• Action item: Pictures must not appear in your answer. Write out exactly the lines from the one with "کمپرسور هوا سنگین فلزی DC12V با گج" through the last line of the entries below.

(Short descriptive text snippets)

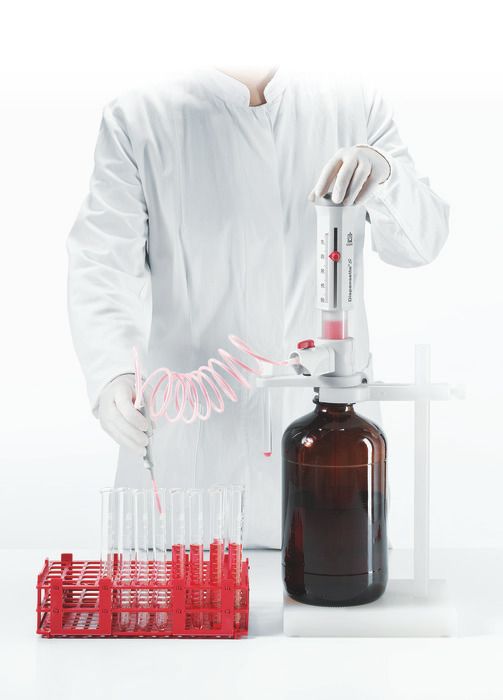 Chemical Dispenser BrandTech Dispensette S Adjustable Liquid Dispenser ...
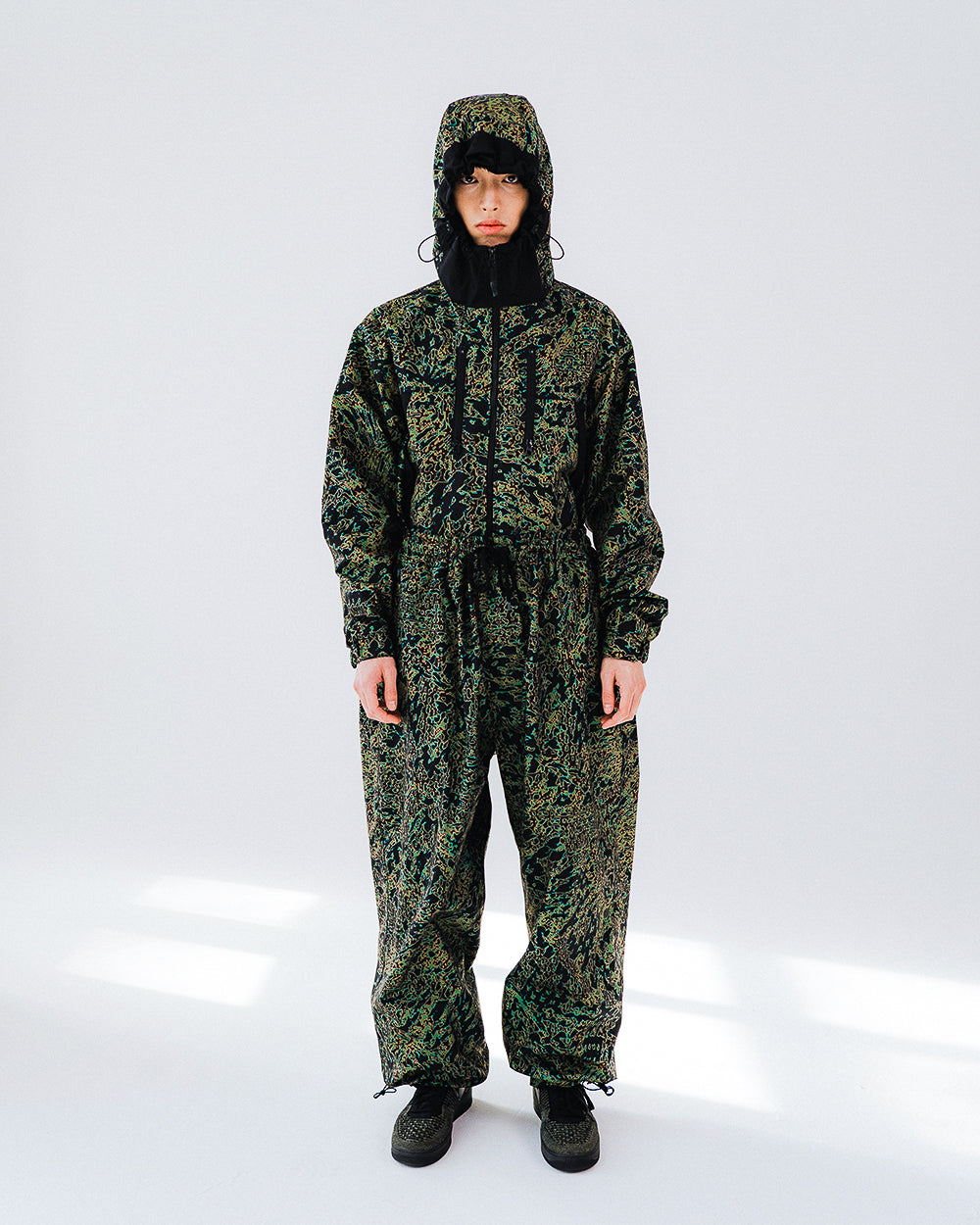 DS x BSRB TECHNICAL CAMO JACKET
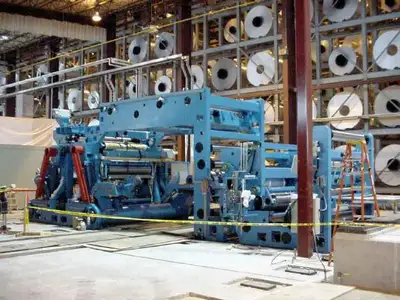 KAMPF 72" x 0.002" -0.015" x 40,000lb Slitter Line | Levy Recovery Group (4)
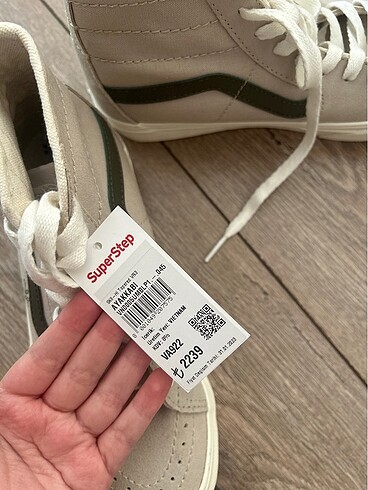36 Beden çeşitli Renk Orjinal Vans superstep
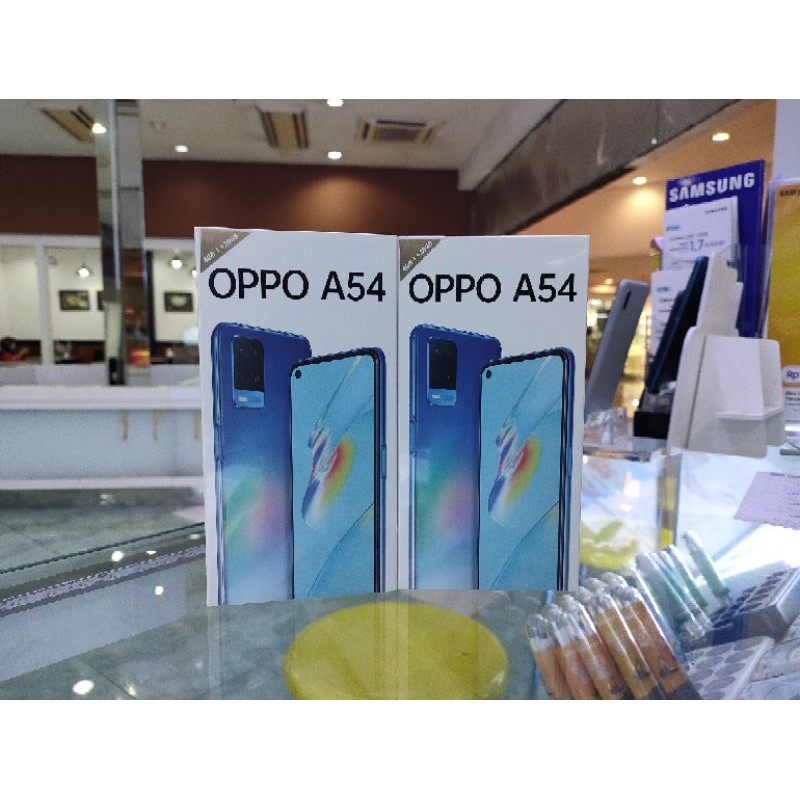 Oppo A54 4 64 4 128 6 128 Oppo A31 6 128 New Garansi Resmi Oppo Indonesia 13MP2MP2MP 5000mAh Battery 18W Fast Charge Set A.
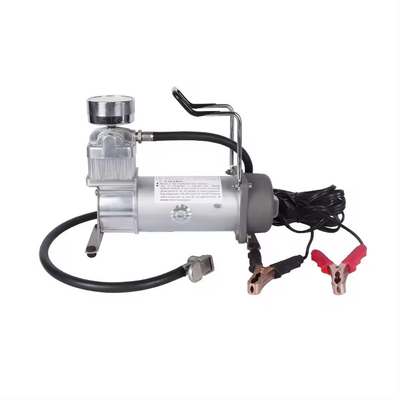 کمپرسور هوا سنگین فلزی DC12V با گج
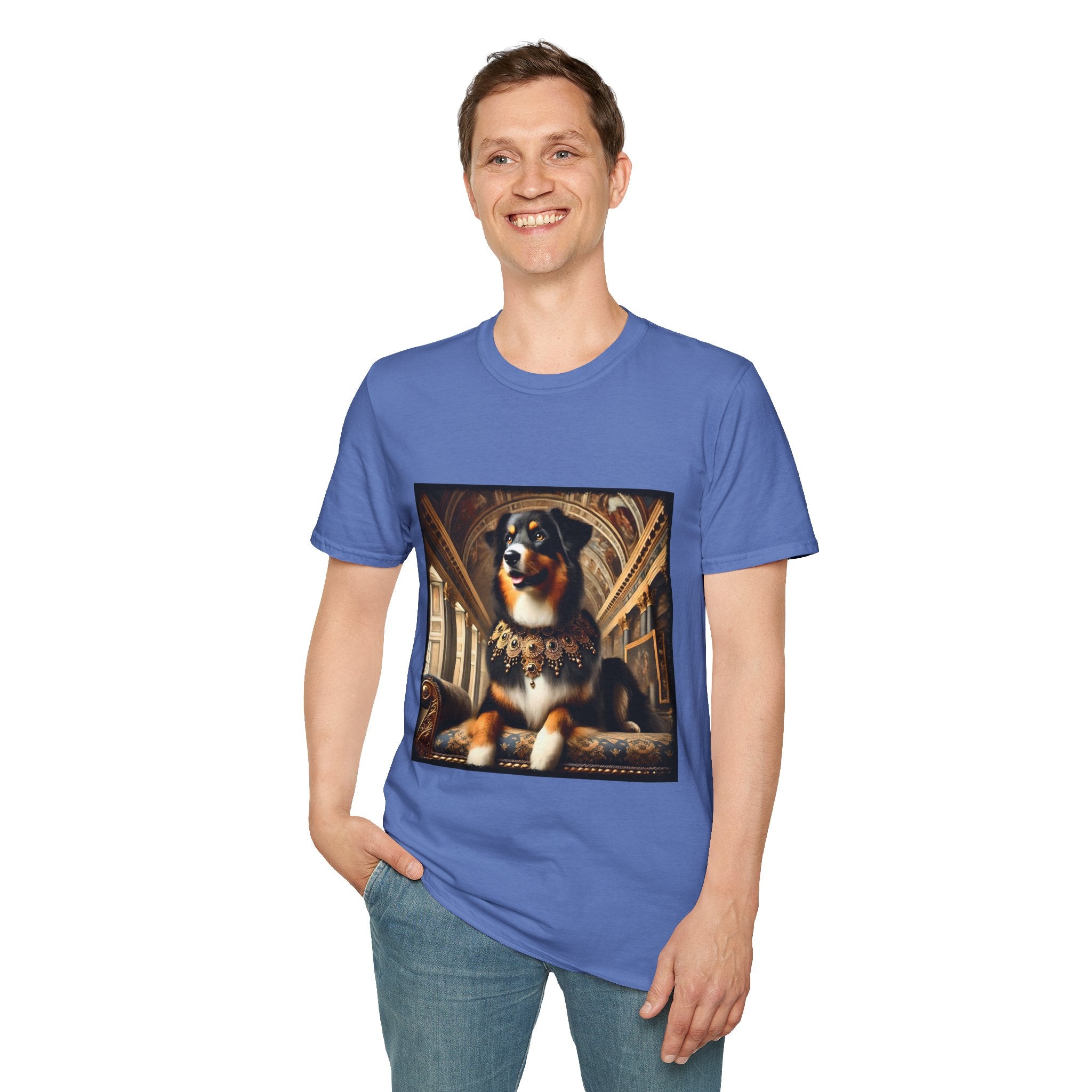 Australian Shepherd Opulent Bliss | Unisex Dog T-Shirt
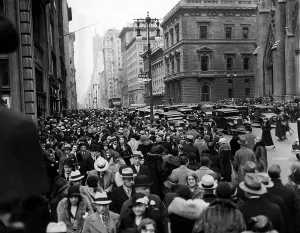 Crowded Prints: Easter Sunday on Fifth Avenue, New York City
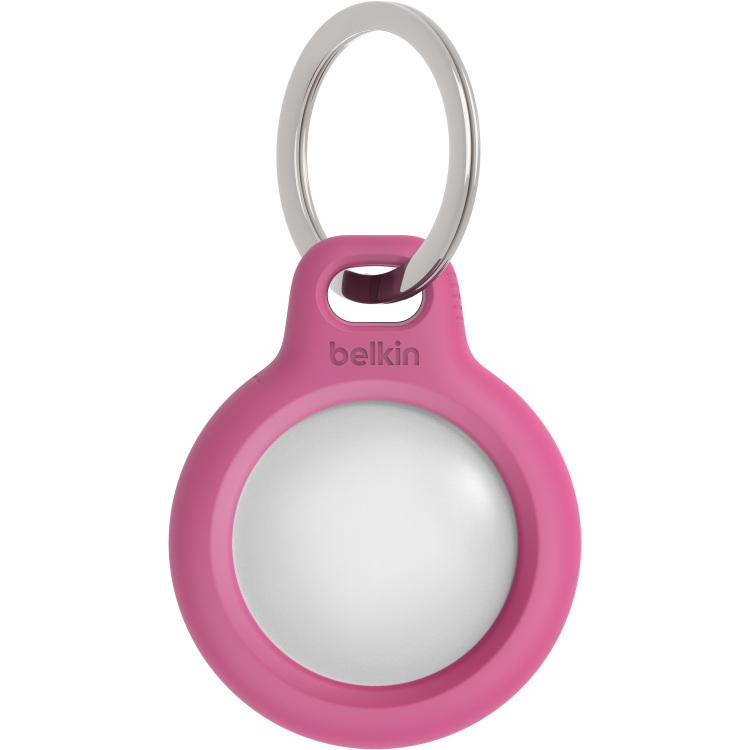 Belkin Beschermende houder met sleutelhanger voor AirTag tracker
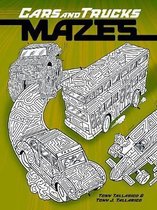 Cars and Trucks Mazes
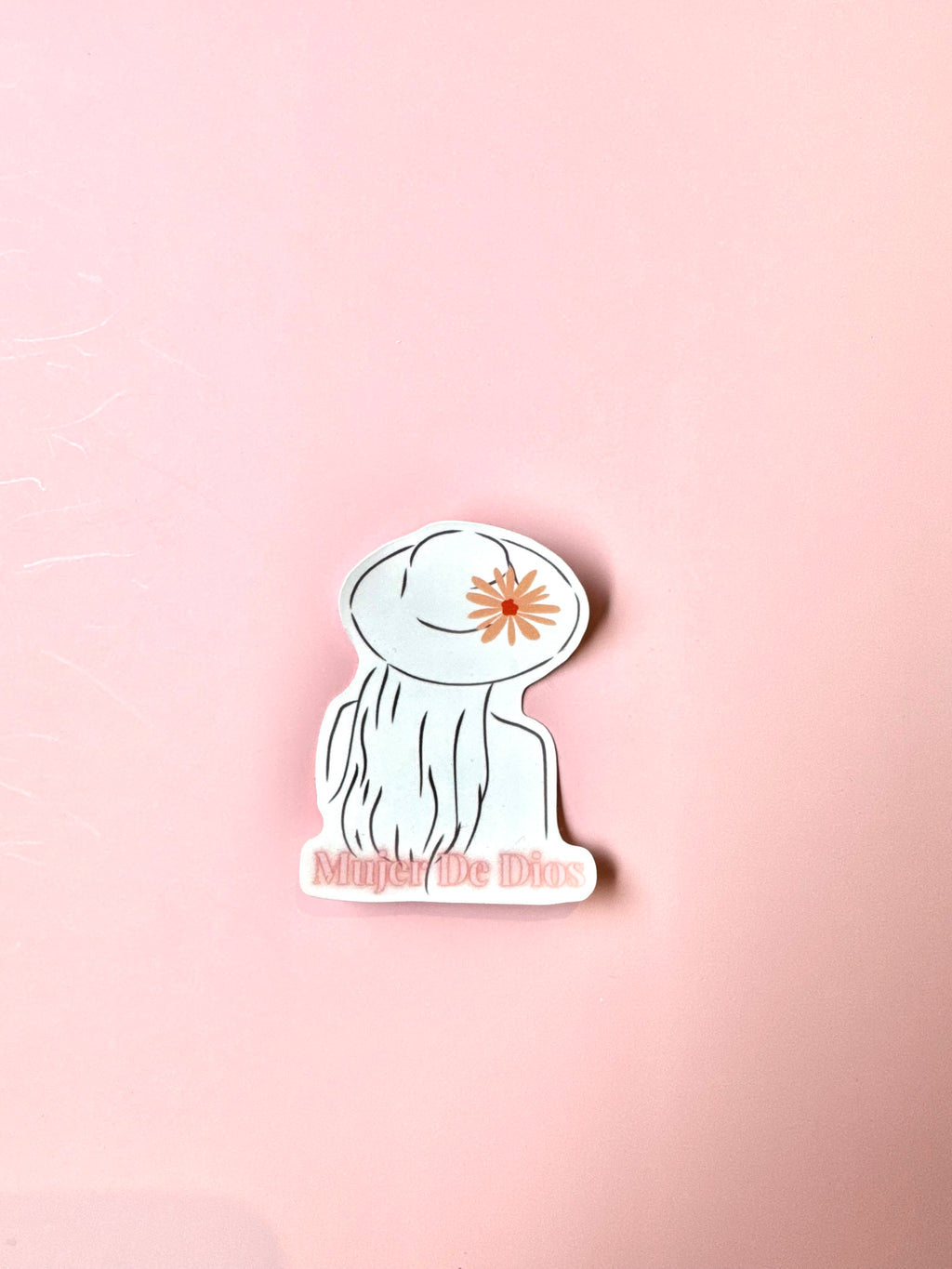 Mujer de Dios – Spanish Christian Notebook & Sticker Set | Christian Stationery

• Exercise answer:
 کمپرسور هوا سنگین فلزی DC12V با گج
 Australian Shepherd Opulent Bliss | Unisex Dog T-Shirt
 Crowded Prints: Easter Sunday on Fifth Avenue, New York City
 Belkin Beschermende houder met sleutelhanger voor AirTag tracker
 Cars and Trucks Mazes
 Mujer de Dios – Spanish Christian Notebook & Sticker Set | Christian Stationery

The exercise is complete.